Self-employed persons insured with compulsory or voluntary pension insurance under the Self-employed Persons’ Pensions Act (YEL insurance) may take out voluntary insurance for the self-employed person's working hours, in accordance with the Workers’ Compensation Act. Self-employed persons may also supplement the insurance with leisure-time insurance.
Compensation for loss of income or the survivors’ pension paid from the self-employed person’s voluntary working hours insurance is based on the confirmed income in the self-employed person’s pension insurance, and valid on the claim date.
The insurer can reject the application for a self-employed person's voluntary working hours insurance if it has outstanding uncontested receivables for the applicant.
Self-employed person's voluntary leisure-time insurance
A self-employed person who has taken out voluntary working hours insurance policy may include a voluntary leisure-time accident insurance policy in the insurance.

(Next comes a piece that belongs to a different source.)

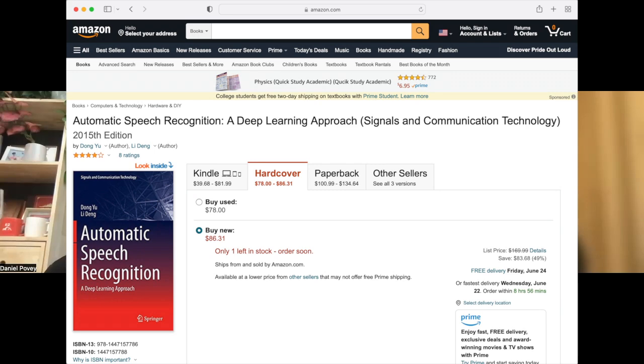I don't know how accessible it will be. From the cover it looks like one of these slightly academic-focused books. It probably assumes that you know a certain amount about computer science. You could definitely try that. It's called Automatic Speech Recognition: A Deep Learning Approach, by Dong Yu and Li Deng.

The insurance policy must be taken out from the insurance company which underwrites the working hours insurance. Leisure-time insurance cannot be taken out on its own.
The coverage of a voluntary leisure-time insurance extends to accidents that are not deemed compensable as occupational accidents. Compensation for loss of income and the survivors’ pension is based on the annual earnings reported for the working hours insurance: in other words, the confirmed income declared for the pension insurance or the annual earnings confirmed by the insurer.

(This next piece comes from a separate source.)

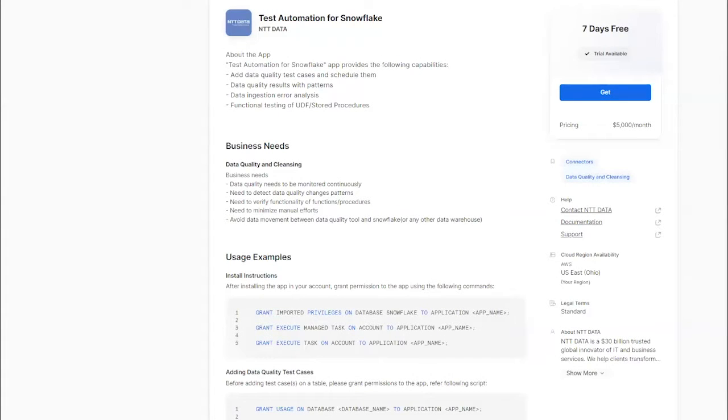Hello and welcome to the NTT Data App Store. I'll walk you through the Test Automation for Snowflake app.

In its insurance terms and conditions, the insurance company may limit the insurance to
- only cover accidents that occur in recreational exercise
- exclude certain recreational sports from the insurance cover.
Certain provisions of the Workers’ Compensation Act also limit the claim events compensable by the leisure-time insurance. Claim events not compensated by leisure-time insurance include pain induced by work-related postures, assault, and road accidents.

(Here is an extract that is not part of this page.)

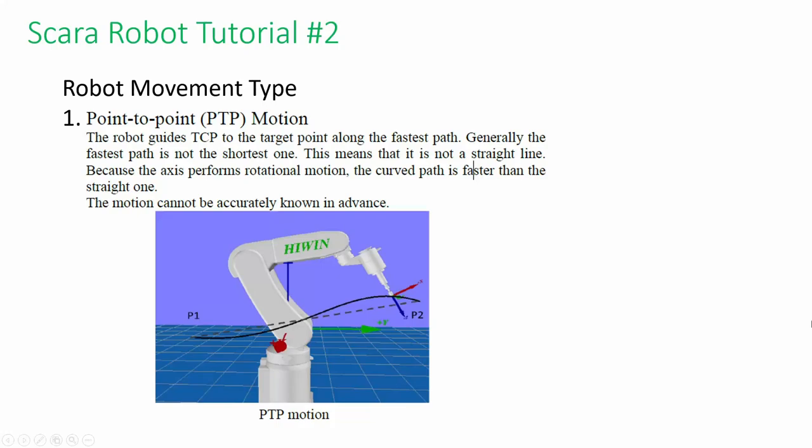Welcome back to the Hiwin Scara Robot Tutorial 2. This video will show you the basic movement and parameters we can create with Hiwin Scara Robot.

The insurer can reject the application for a leisure-time insurance policy. They also have the right to terminate the policy on the grounds specified in the terms and conditions of the insurance. A self-employed person may terminate the policy in writing at any time; however, the termination will take effect at the earliest from the date the insurance company receives the notice of termination.
Termination of self-employed persons’ insurance
Voluntary insurance for a self-employed person's working hours is terminated when the self-employed person’s YEL insurance ends. Upon separate application, the insurer may extend the validity of voluntary insurance for a self-employed person’s working hours if the person continues self-employment after reaching the upper age limit of the duty to take out YEL insurance. In this case, the insurer adjusts the annual earnings of the insurance to be equal to the self-employed person’s annual earned income.
As the working hours insurance expires at the same time as the pension insurance, the working hours insurance can expire retrospectively. If the self-employed person's pension insurance does not become effective because self-employment has not continued without interruption for at least four months, the voluntary working hours insurance does not expire retrospectively but continues until the date when the self-employment ends.
The self-employed person is free to terminate the insurance in writing at any time. The insurance may be terminated at the earliest from the date when the notice of termination is received at the insurance company. The insurance company has the right to terminate the insurance if the self-employed person has failed to pay an outstanding premium or deliberately provided false or incomplete information for the purpose of processing a claim or determining an insurance premium in order to obtain, for him/herself or others, illegal financial gain.
The insurer terminates the policy in writing. The insurance policy expires 30 days from the date the termination was sent. When the cause of the termination is a failure to pay the insurance premium, the policy will not expire if the policyholder pays the outstanding premium before the end of the notice period.